- Data shown
+++
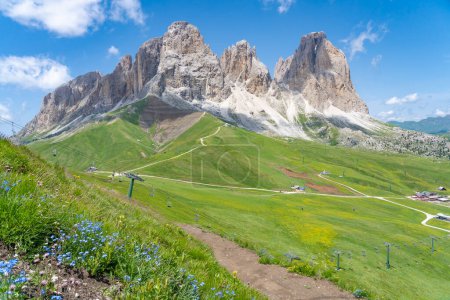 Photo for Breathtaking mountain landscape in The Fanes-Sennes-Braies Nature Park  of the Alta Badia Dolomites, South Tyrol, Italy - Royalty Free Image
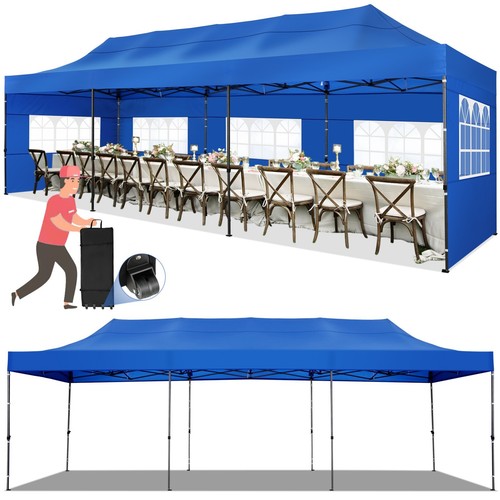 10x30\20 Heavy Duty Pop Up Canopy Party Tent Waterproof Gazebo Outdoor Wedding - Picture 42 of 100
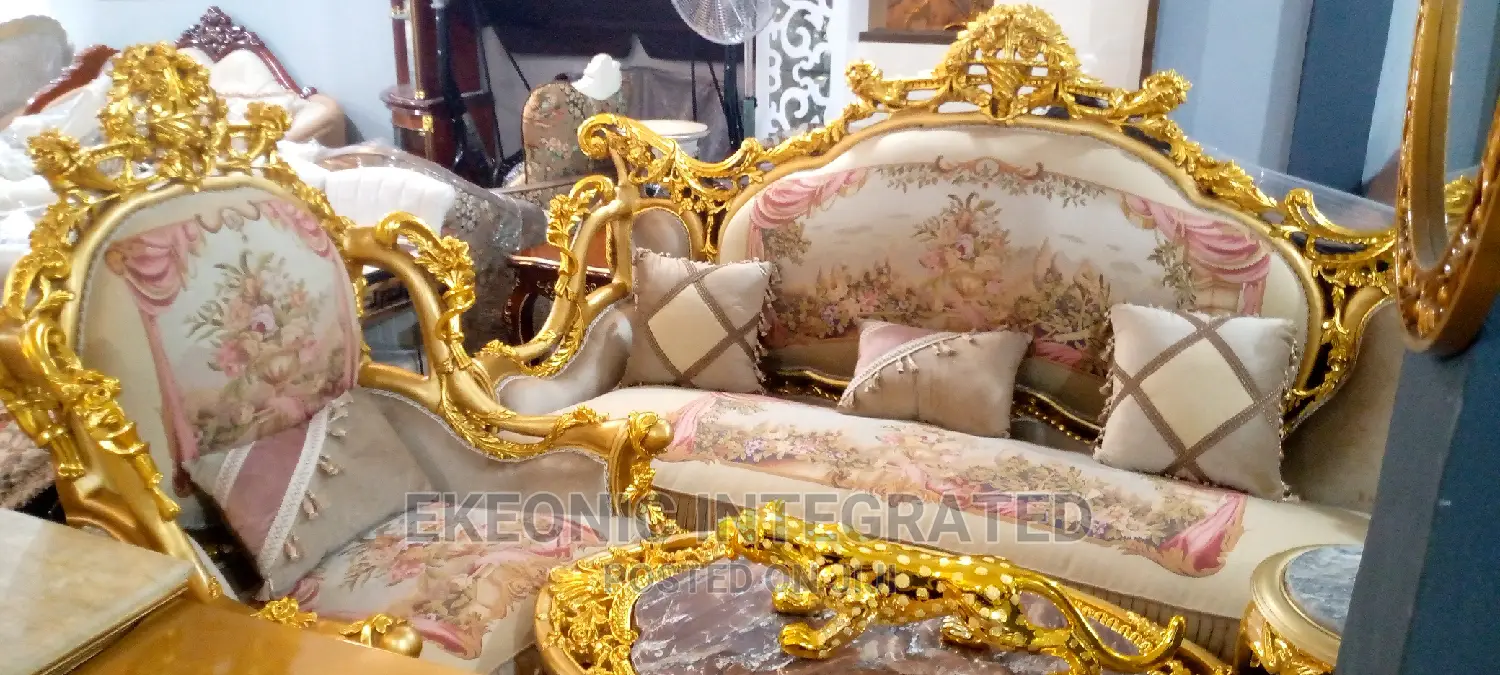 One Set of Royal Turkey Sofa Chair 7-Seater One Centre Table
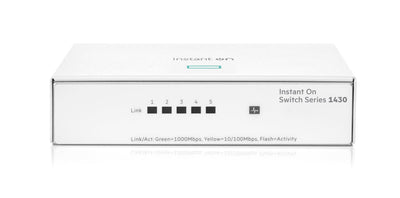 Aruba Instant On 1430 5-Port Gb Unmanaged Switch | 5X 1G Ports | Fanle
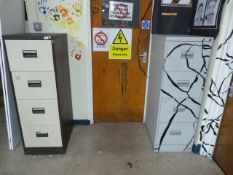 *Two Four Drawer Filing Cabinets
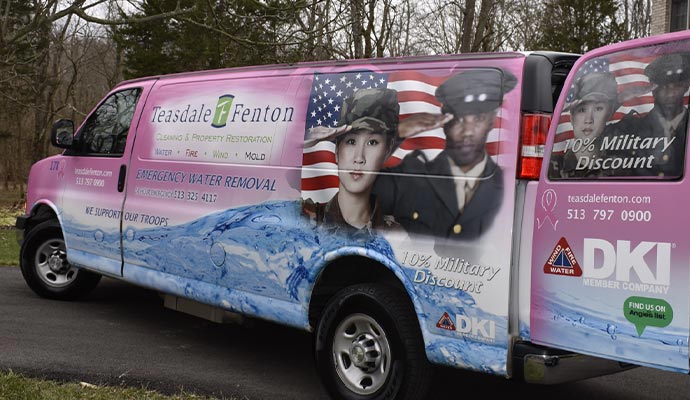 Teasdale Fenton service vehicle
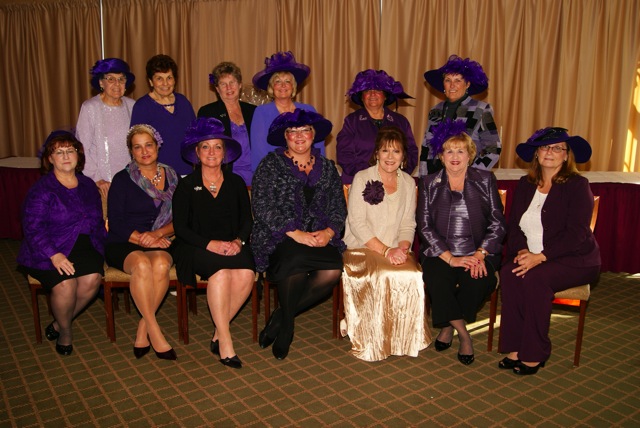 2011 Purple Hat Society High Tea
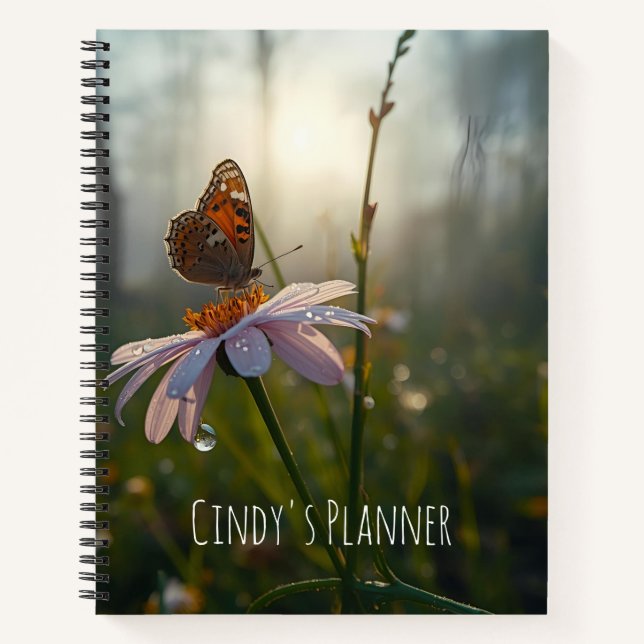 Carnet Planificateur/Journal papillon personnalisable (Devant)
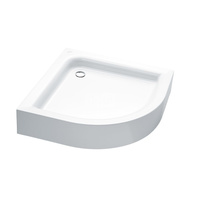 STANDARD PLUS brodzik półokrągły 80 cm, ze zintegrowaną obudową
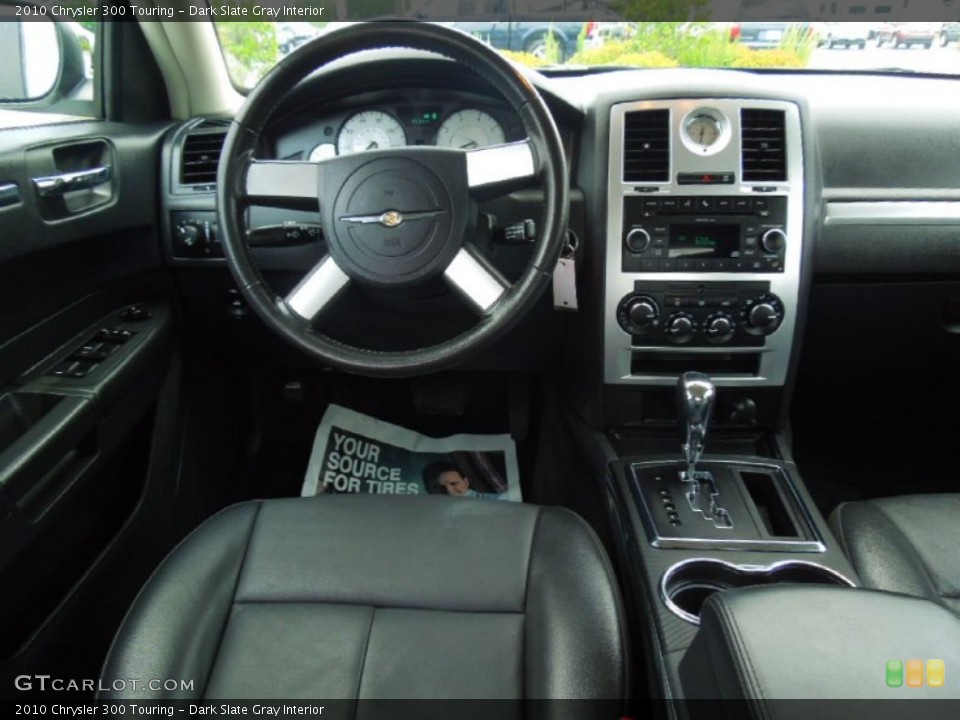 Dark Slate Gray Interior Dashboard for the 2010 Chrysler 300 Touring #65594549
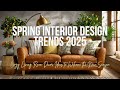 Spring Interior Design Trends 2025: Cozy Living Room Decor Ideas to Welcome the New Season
+++
- What you need to do
From the records above, return exactly the lines running from the one that contains "Aruba Instant On" down to the one that contains "Dark Slate Gray", both included, without any pictures.

- Task result
 Aruba Instant On 1430 5-Port Gb Unmanaged Switch | 5X 1G Ports | Fanle
 *Two Four Drawer Filing Cabinets
 Teasdale Fenton service vehicle
 2011 Purple Hat Society High Tea
 Carnet Planificateur/Journal papillon personnalisable (Devant)
 STANDARD PLUS brodzik półokrągły 80 cm, ze zintegrowaną obudową
 Dark Slate Gray Interior Dashboard for the 2010 Chrysler 300 Touring #65594549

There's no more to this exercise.